BEIJING — China’s economy ended 2016 on a positive note, supported by consumer spending and a booming property market, remaining a key engine for global economic expansion.
China’s economy grew 6.7 percent year on year in 2016, a slowdown from the 6.9-percent growth registered in 2015, the National Bureau of Statistics (NBS) data showed on Jan 20.
That marked China’s slowest annual expansion in 26 years. But it was in line with the official target range of 6.5 to 7 percent for 2016 and much stronger than some doom-mongers had predicted at the start of 2016, when concerns about a collapse in China’s growth rocked global financial markets.
The figure represents a medium-high level of growth and China’s economy continued to run within a reasonable range, with its structure further optimized and development model transformed, NBS chief Ning Jizhe said at a press conference.
Gross domestic product totaled 74.41 trillion yuan (about $10.83 trillion) in 2016, with the service sector accounting for 51.6 percent.

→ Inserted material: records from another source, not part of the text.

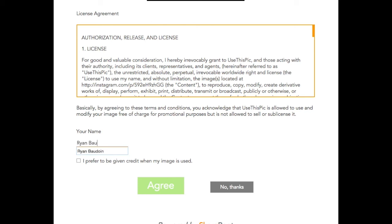Next, just go ahead and write your name down, click agree, and you're done. Now if you want to let the brand know that you'd like to be given photo credit for your image, click right here on this check box.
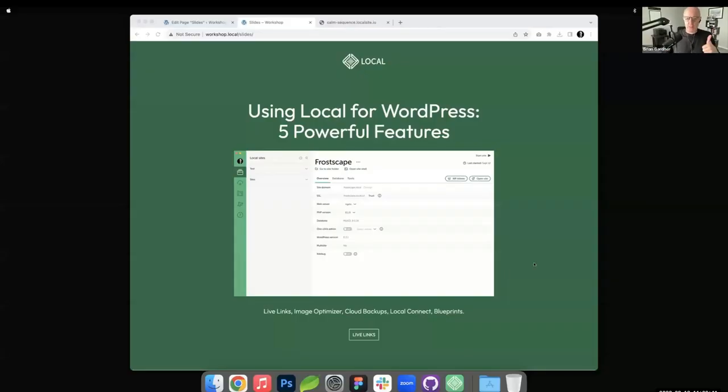We are going to be talking about Local features. I'm going to share my screen and start the presentation. I'm going to talk through five features that are part of Local — things you may or may not know about. I didn't know about some of them until the last couple of months, primarily because I use Local just for theme testing and quick dev work.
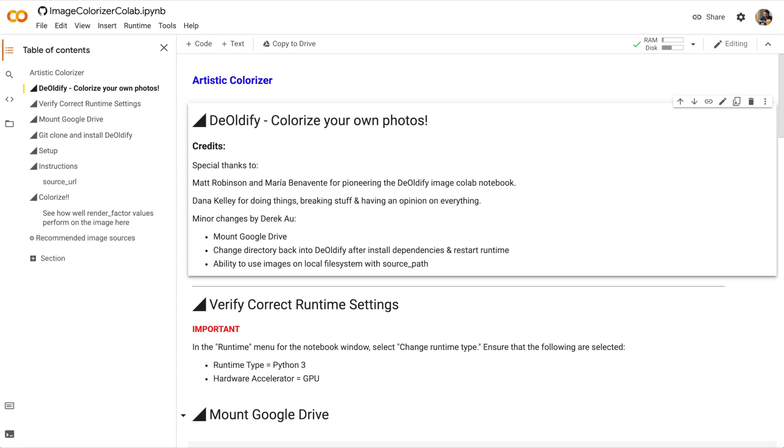In this video, we're going to use DeOldify, which is a type of software that allows us to colorize old black and white photos.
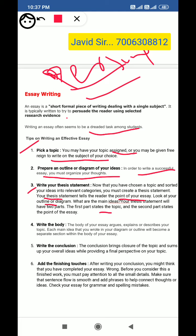Your thesis statement has two parts. The first part states the topic, and the second part states the point of the essay — what you are going to write about and what you have to say.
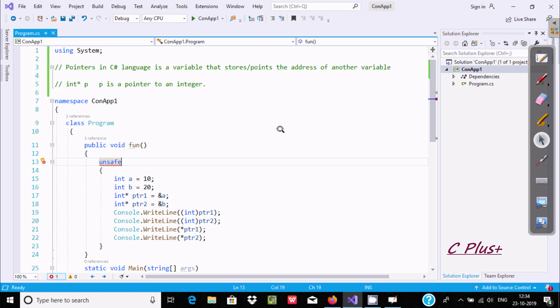In this week I am going to discuss about pointers in C# language. A pointer is a variable that stores or points to the address of another variable.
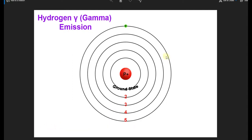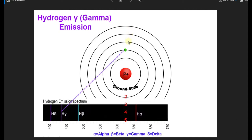We have an electron in the fifth orbit of the hydrogen atom, and it's going to be unstable, so it has to come down in orbit. In this case, it comes down to the second orbit and emits this beautiful hydrogen gamma photon, and this represents an emission in the emission spectrum of the hydrogen atom.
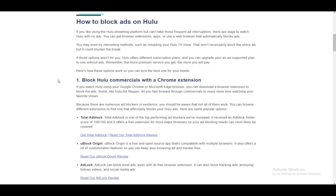Hey everybody, what is going on? I hope you guys are all doing well and welcome to another tutorial video. In this video I'll be explaining how you can watch Hulu without ads. I am using an allaboutcookies.org article on this matter since I do not have access to Hulu, nor do I plan on using it, but this article is very well made. Now there are a few methods and I'll be going over all of them. I will make some recommendations of my own, but without further ado let's start.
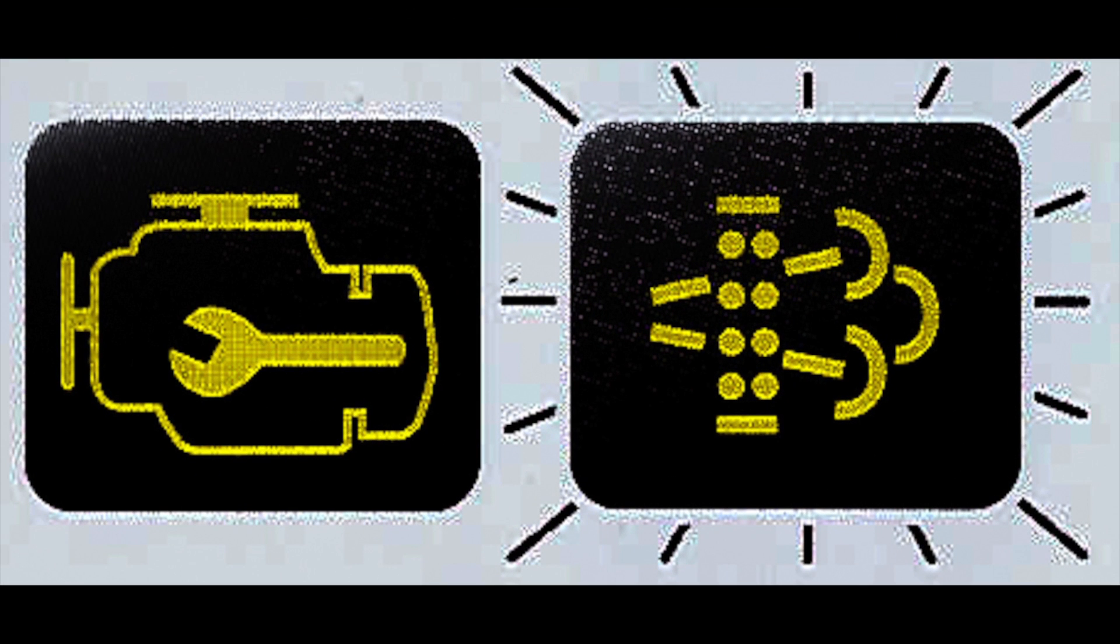So the next step is you're going to see check engine light with the flashing DPF light. What this means is you need to do a regen immediately. Engine power will be reduced, and you have to do a parked stationary regeneration.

Consumption contributed 64.6 percent to GDP growth last year.
Despite a protracted slowdown, China’s contribution to the world economic growth may again top that of all other countries, even exceeding the figure for all developed economies combined.
Early this week, the International Monetary Fund (IMF) revised its forecasts for China’s growth upward by 0.1 percentage point to 6.7 percent for 2016 and by 0.3 percentage points to 6.5 percent for 2017.
With the IMF predicting only 3.1 percent global growth last year, China’s contribution would account for more than one-third of the world’s growth.
For the fourth quarter, China’s economy grew 6.8 percent, slightly beating market forecasts and suggesting growth was stabilizing on a quarterly basis.
NBS data showed that major economic indicators softened last year, with industrial output growth slowing slightly to 6 percent from 6.1 percent in 2015.
Urban fixed-asset investment continued to cool, rising 8.1 percent year on year, compared with 10 percent in 2015. Retail sales rose 10.4 percent, down from 10.7 percent in 2015.
However, property development investment increased 6.9 percent year on year in 2016, up from only one percent in 2015.